Margo sat across the table from Michael, eating lunch dis-tractedly, keeping an eye on the activity upstream and across the river. Paul had been at the cabin since midmorning with Charlie and Johnny, and Margo planned to stay inside until they pulled away in the pontoon boat. Usually they were at the cabin just long enough to fill glass jugs from the blue drum buried behind the house, but Charlie was sweeping the cabin’s screen porch, and that made Margo worry that one of them might be planning on staying. She took some comfort in the fact that Paul’s eyesight was poor and that Michael’s house was set back from the river’s edge.

“It’s a hot one,” Michael said and took a bite of his grilled ham-and-cheese sandwich.

“Maybe King and I will fish downstream today,” Margo said, bringing her attention back to Michael and their lunch. Wednesdays were his late day, when he went in to work at noon and got home by eight-thirty or nine at night. “Do you want to have brown trout tonight? Maybe I can get a couple with night crawlers in the evening.”

“Don’t you ever want to do anything more than fish and shoot?” Michael said hesitantly.

“You know, Grandpa taught me to skin rabbits and muskrats. He said it was a skill that would benefit a girl. And you know I can cook.”

Michael laughed. “Your grandpa probably imagined you would have other skills as well, like math and history, on top of skinning animals.”

“He only went to school through the eighth grade. Annie Oakley only went through the fourth grade.”

“It was a different time. Now you need education to get anywhere.”

“I could be a trick shooter,” Margo said.

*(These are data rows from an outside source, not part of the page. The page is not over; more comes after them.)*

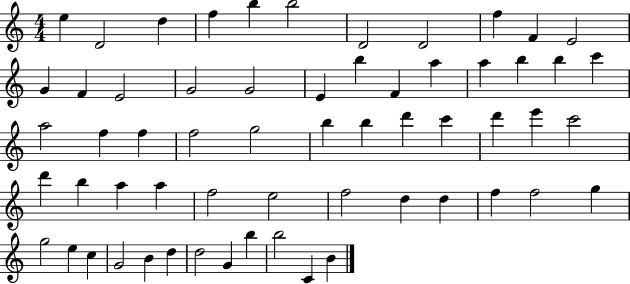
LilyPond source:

{
  \clef treble
  \numericTimeSignature
  \time 4/4
  \key c \major
  e''4 d'2 d''4 | f''4 b''4 b''2 | d'2 d'2 | f''4 f'4 e'2 | \break g'4 f'4 e'2 | g'2 g'2 | e'4 b''4 f'4 a''4 | a''4 b''4 b''4 c'''4 | \break a''2 f''4 f''4 | f''2 g''2 | b''4 b''4 d'''4 c'''4 | d'''4 e'''4 c'''2 | \break d'''4 b''4 a''4 a''4 | f''2 e''2 | f''2 d''4 d''4 | f''4 f''2 g''4 | \break g''2 e''4 c''4 | g'2 b'4 d''4 | d''2 g'4 b''4 | b''2 c'4 b'4 | \break \bar "|."
}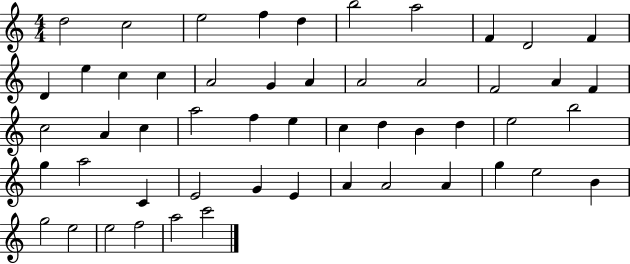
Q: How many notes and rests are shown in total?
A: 52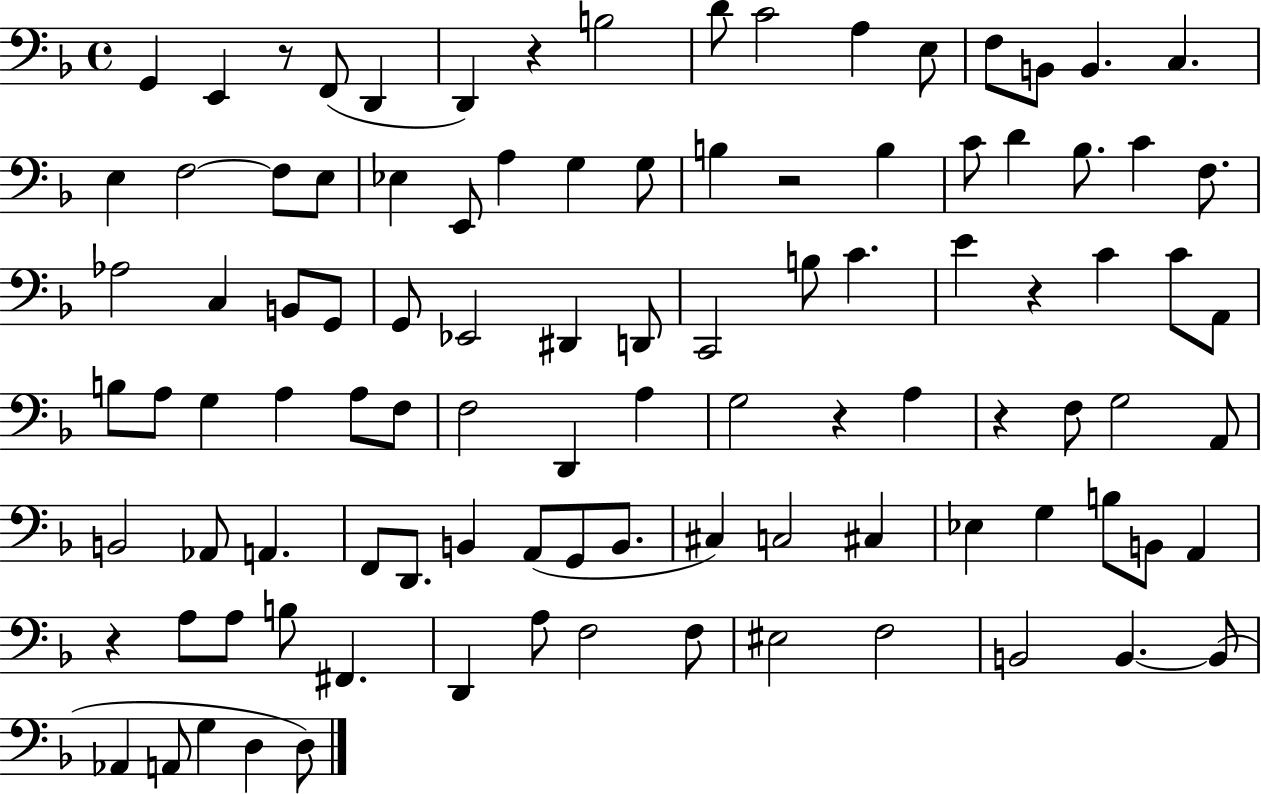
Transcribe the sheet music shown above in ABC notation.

X:1
T:Untitled
M:4/4
L:1/4
K:F
G,, E,, z/2 F,,/2 D,, D,, z B,2 D/2 C2 A, E,/2 F,/2 B,,/2 B,, C, E, F,2 F,/2 E,/2 _E, E,,/2 A, G, G,/2 B, z2 B, C/2 D _B,/2 C F,/2 _A,2 C, B,,/2 G,,/2 G,,/2 _E,,2 ^D,, D,,/2 C,,2 B,/2 C E z C C/2 A,,/2 B,/2 A,/2 G, A, A,/2 F,/2 F,2 D,, A, G,2 z A, z F,/2 G,2 A,,/2 B,,2 _A,,/2 A,, F,,/2 D,,/2 B,, A,,/2 G,,/2 B,,/2 ^C, C,2 ^C, _E, G, B,/2 B,,/2 A,, z A,/2 A,/2 B,/2 ^F,, D,, A,/2 F,2 F,/2 ^E,2 F,2 B,,2 B,, B,,/2 _A,, A,,/2 G, D, D,/2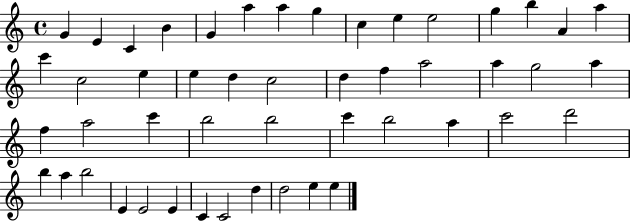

“Says here in the newspaper Murray Metal Fabricating is laying off another eighteen people. Tough times for manufacturing. Are you sure you don’t want to go visit the Murrays? I’ll go with you. It says here, Cal Murray has been in a wheelchair since he was attacked in that bar last year.”

“I told you, we don’t get along,” she said. “Not since my grandpa died.”

“Well, I wish I had met your grandpa. I mean, he was a man of the wild, but a businessman, too.”

“His father started the company. Grandpa never really wanted to be president, he said. But he made the company grow.”

“Sometimes people have to do things they don’t want in life.”

“Do you want me to make money?” Margo asked. According to the book Michael had gotten her, Annie Oakley supported her family through hunting and trapping. She killed animals and birds to eat and sell in town. Only later did she make her shooting a show.

“That’s not it. I want you to have the joy of learning new things. And sometimes it’s even worth it to tolerate what you don’t like in order to achieve your goals. You don’t have to graduate high school. I think you can get a GED and go to community college. You could get a two-year degree in biology or something like that. Maybe you could get a job working outside.”

“You said I didn’t have to go to school to learn. I could read books.”

“You don’t like any of the books I’ve gotten you other than the Annie Oakley book. Tell me what else you want to read.”

“I like the Indian hunter book, about the guy who lived in the cave up north,” Margo said. “And I’d like to read more about shooting, I guess. Trick shooting.” She glanced across the river. Paul seemed to be wiping down the seats of Brian’s boat with a bucket and a rag, and though it was hot, he was still wearing jeans and boots. While she watched, Johnny slipped out of his cutoffs and tennis shoes and posed naked at the end of the dock. His arms were tan from his biceps down, but his torso below the neckline was pale, and the sight made Margo smile. He dove off the dock with a pretty splash. Why hadn’t she swum this year? Margo wondered. It was already July. Why hadn’t she swum at all since she left Murrayville? Johnny emerged from beneath the surface.

“What about a vacation?” Michael said. “Do you want to go somewhere?”

“We could go up the river and camp overnight on Willow Island.”

“We should go see something new,” Michael said.

She shrugged. Johnny dragged his body out of the water and climbed onto the dock. He was grinning, no doubt, shouting something to Paul. His bottom was moon-white against the lush foliage around the cabin.

“Maybe I’ll swim today,” Margo said.

“After the wedding we’ll have to go on a honeymoon.”

“You mean like to the cabins in Heart of Pines?”